For the data that follows, return each line unchanged and drop the pictures.

[Collection entries]
· · ·
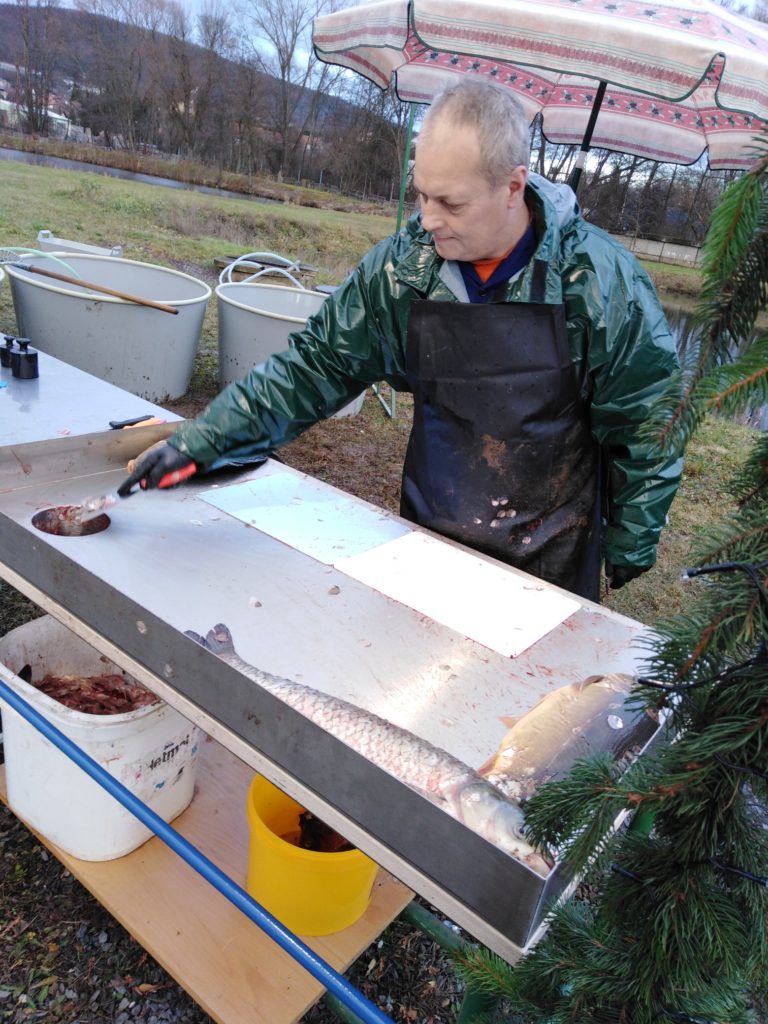 Pracovní stůl pro prodej Vánočních kaprů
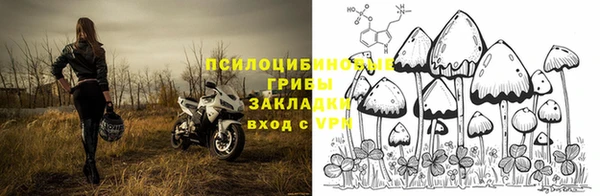 спайс Аркадак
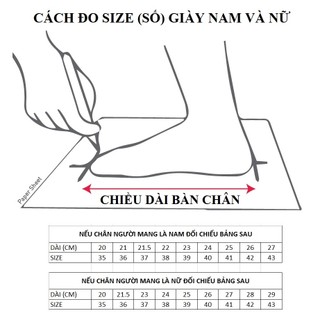 Giày  AllStar Classic Cổ Thấp Nữ Xám Nhạt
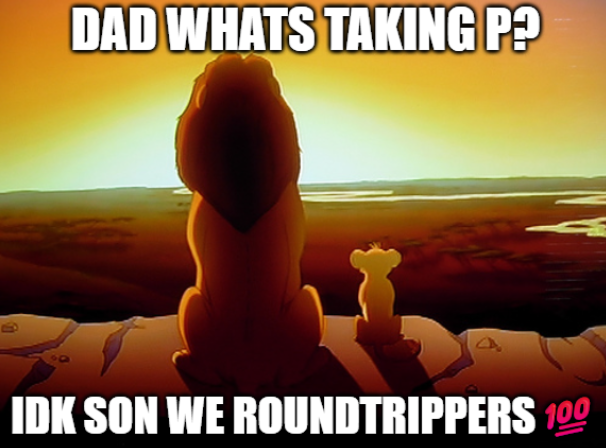 A Lion King meme showing Mufasa and Simba silhouetted against a sunset with text 'DAD WHATS TAKING P?' and 'IDK SON WE ROUNDTRIPPERS 💯'.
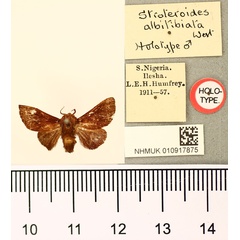 /filer/webapps/moths/media/images/A/albitibiata_Stroteroides_HT_BMNH.jpg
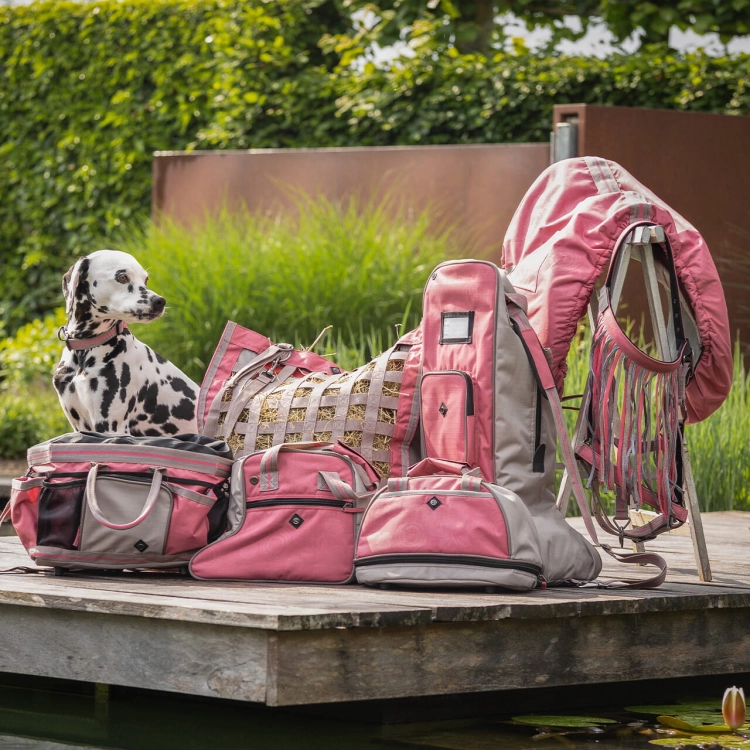 Akcesoria i sprzęt jeździecki w kolorze flamingo pink QHP Collection SS25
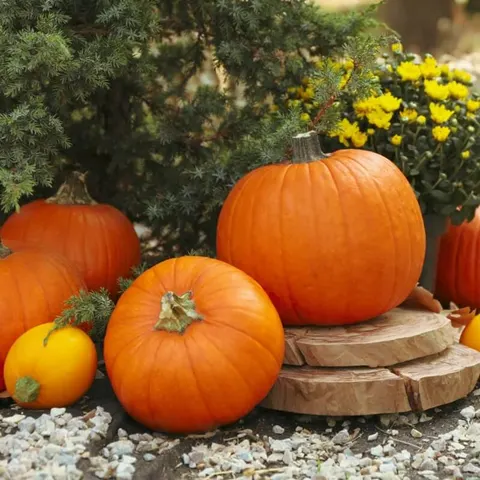 BIO Dynia zwyczajna Jack OLantern nasiona ekologiczne 3g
· · ·
(Problem solution):
 Pracovní stůl pro prodej Vánočních kaprů
 спайс Аркадак
 Giày  AllStar Classic Cổ Thấp Nữ Xám Nhạt
 A Lion King meme showing Mufasa and Simba silhouetted against a sunset with text 'DAD WHATS TAKING P?' and 'IDK SON WE ROUNDTRIPPERS 💯'.
 /filer/webapps/moths/media/images/A/albitibiata_Stroteroides_HT_BMNH.jpg
 Akcesoria i sprzęt jeździecki w kolorze flamingo pink QHP Collection SS25
 BIO Dynia zwyczajna Jack OLantern nasiona ekologiczne 3g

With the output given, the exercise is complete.